= EXTRACTED INFORMATION =
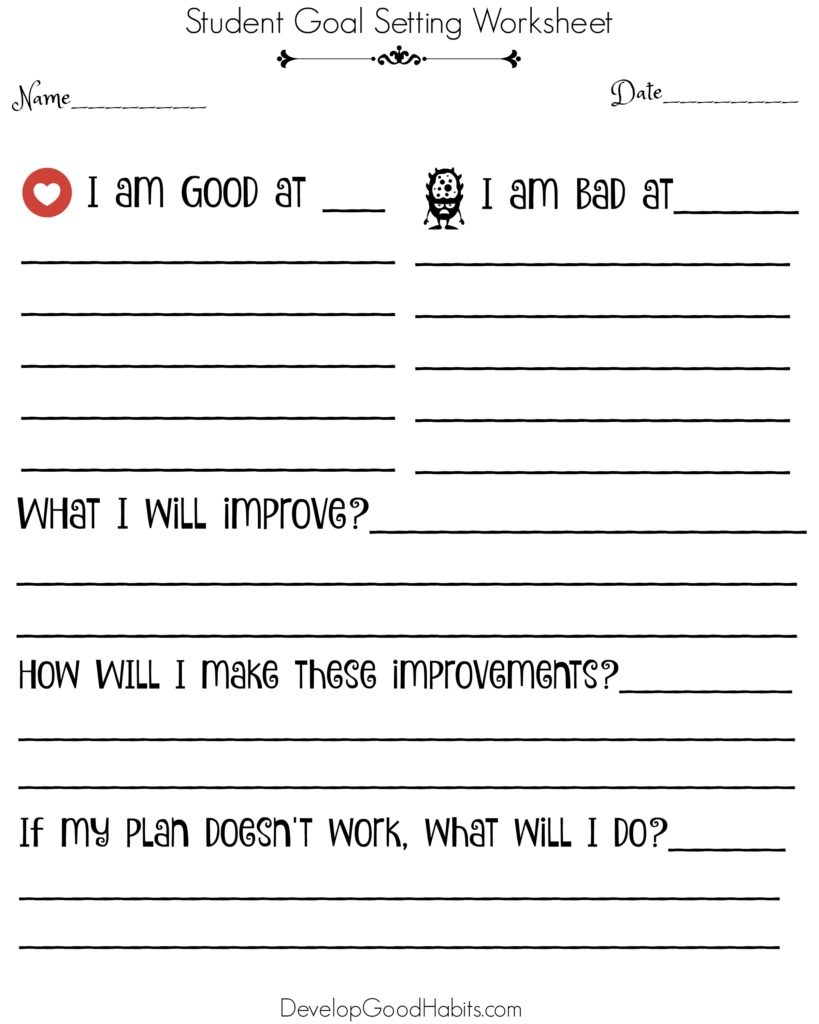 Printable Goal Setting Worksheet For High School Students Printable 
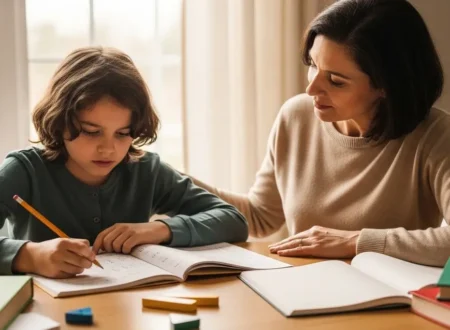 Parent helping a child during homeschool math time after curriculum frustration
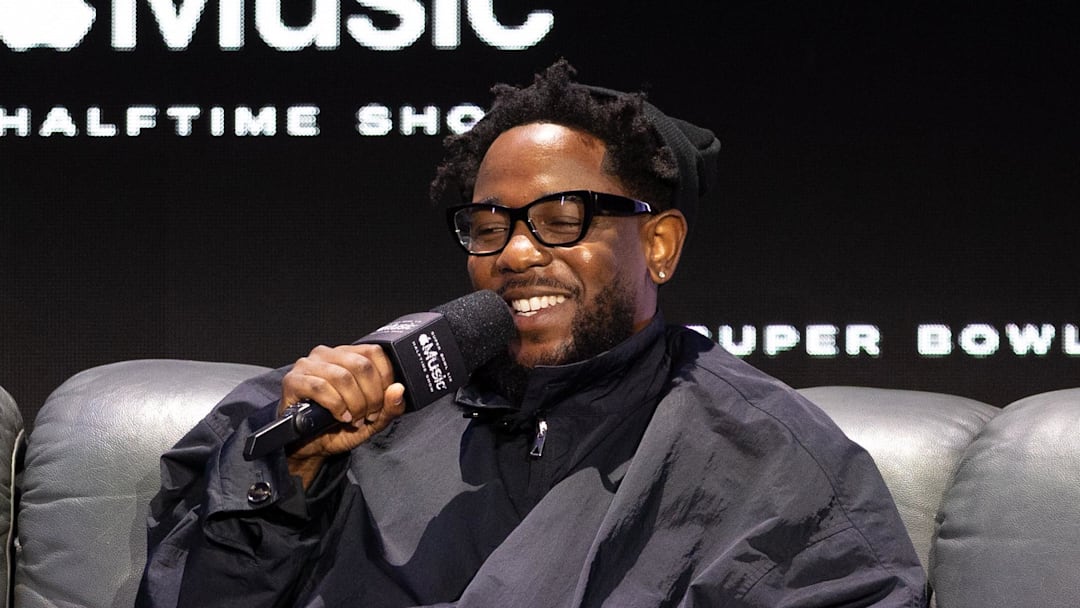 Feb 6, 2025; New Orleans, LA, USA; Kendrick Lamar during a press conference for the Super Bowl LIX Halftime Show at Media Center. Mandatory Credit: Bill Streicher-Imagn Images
* * *
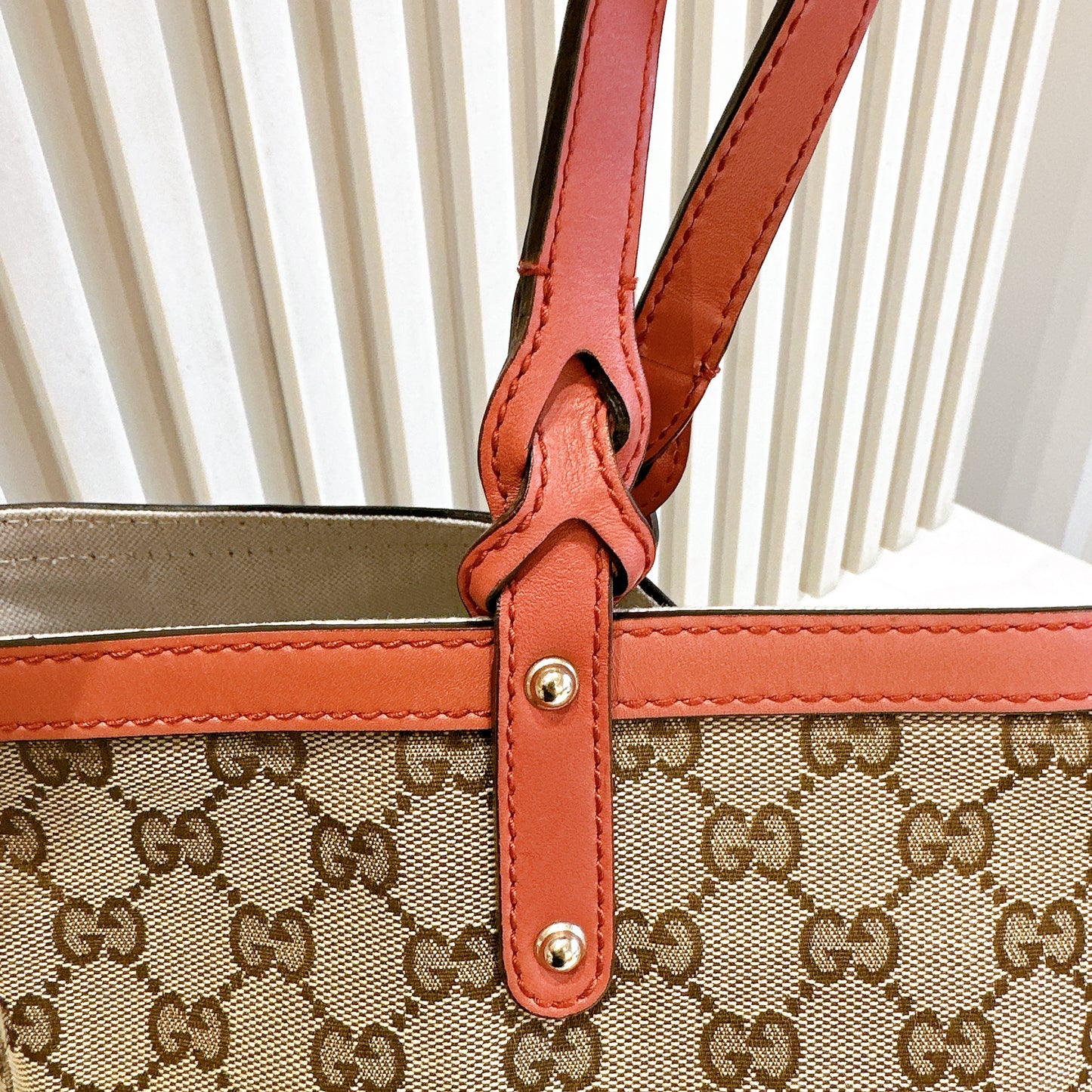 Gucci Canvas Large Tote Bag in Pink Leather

= WHAT IS EXPECTED =
Nothing but the lines above, starting at the line that contains "Printable Goal Setting" and ending at the line that contains "Feb 6, 2025;", should be given again, exactly and without the pictures.

= RESPONSE TO THE TASK =
 Printable Goal Setting Worksheet For High School Students Printable 
 Parent helping a child during homeschool math time after curriculum frustration
 Feb 6, 2025; New Orleans, LA, USA; Kendrick Lamar during a press conference for the Super Bowl LIX Halftime Show at Media Center. Mandatory Credit: Bill Streicher-Imagn Images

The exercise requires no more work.